La Russia non intende allargare la sua azione militare
Non sappiamo quanto siano sincere queste parole, ma Putin ha chiarito all’intervistatore che non vuole attaccare anche la Polonia (nazione confinante ma membro della Nato) né le repubbliche baltiche come la Lettonia. «Nessun interesse ad attaccare la Polonia. Solo in un caso, se la Polonia attaccasse la Russia. Non abbiamo alcun interesse in Polonia, in Lettonia o altrove». Queste affermazioni in parte cozzano con le ultime esperienze storiche, si pensi ad esempio alle zone autonome georgiane dove la Russia si scontrò nel 2008 e alla situazione al confine con la Moldavia, nella Transnistria. Quel che però Putin vuol far capire, è che non cercherebbe uno scontro frontale con i Paesi Nato, o che ad ogni modo, le illazioni sulla volontà di rifondare l’unione sovietica sono inappropriate.
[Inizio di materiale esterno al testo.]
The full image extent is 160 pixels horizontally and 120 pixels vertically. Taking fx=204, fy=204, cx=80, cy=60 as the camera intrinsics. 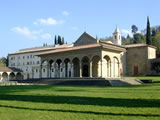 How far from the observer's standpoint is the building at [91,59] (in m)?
35.3

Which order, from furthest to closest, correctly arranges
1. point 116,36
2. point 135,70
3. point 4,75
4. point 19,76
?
point 19,76 < point 4,75 < point 116,36 < point 135,70

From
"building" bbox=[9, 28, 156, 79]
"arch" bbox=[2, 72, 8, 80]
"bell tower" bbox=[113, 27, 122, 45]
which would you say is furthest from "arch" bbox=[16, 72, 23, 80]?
"bell tower" bbox=[113, 27, 122, 45]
Secondo Mosca l’Ucraina non ha diritto a uno Stato autonomo e la ribellione di Maidan è stata fomentata dall’esterno
Nella parentesi di carattere storico che Putin ha fatto nei primi minuti, è venuta fuori l’idea (in realtà già espressa all’inizio della guerra) per cui lo stato ucraino non è mai esistito e che l’Ucraina fosse stata in origine parte dello Stato russo già dall’antichità. Una sua parziale autonomia si forma effettivamente su concessione della Russia comunista con Lenin, e poi ovviamente nel ’91 al crollo dell’Urss, ma adesso le condizioni sarebbero diverse. Putin ha affermato che gli americani devono smettere di fornire armi a Kiev e cercare un conveniente accordo, ma ovviamente riconoscendo la necessità per Mosca di «de-nazificare» il Paese e detronizzare Zelensky. Proposta irricevibile? Molto probabile. Ma le pretese russe nascono dalla evidente delegittimazione dell’Ucraina e dalla convinzione che gli accordi precedenti (quelli di Minsk, che facevano cessare il fuoco) siano stati violati solo da Kiev.

Crisi in Medioriente
Sulla crisi di Gaza Putin è più moderato: «Non ci opponiamo nei confronti dell’esistenza di Israele, ma sosteniamo al contempo il diritto dei palestinesi alla propria autodeterminazione». Una posizione mediana che sottintende plausibilmente la volontà di non esporsi troppo in un’area in cui nel passato c’è stato un ottimo rapporto con le forze palestinesi in chiave anti-Usa, ma che adesso si vuole guardare più tatticamente, dato che sulla faccenda siriana, in cui la Russia si è impegnata anche piazzando una base militare, c’è stata collaborazione con Israele.

Nessuna risposta invece è stata fornita da Putin sui crimini di guerra compiuti in Ucraina.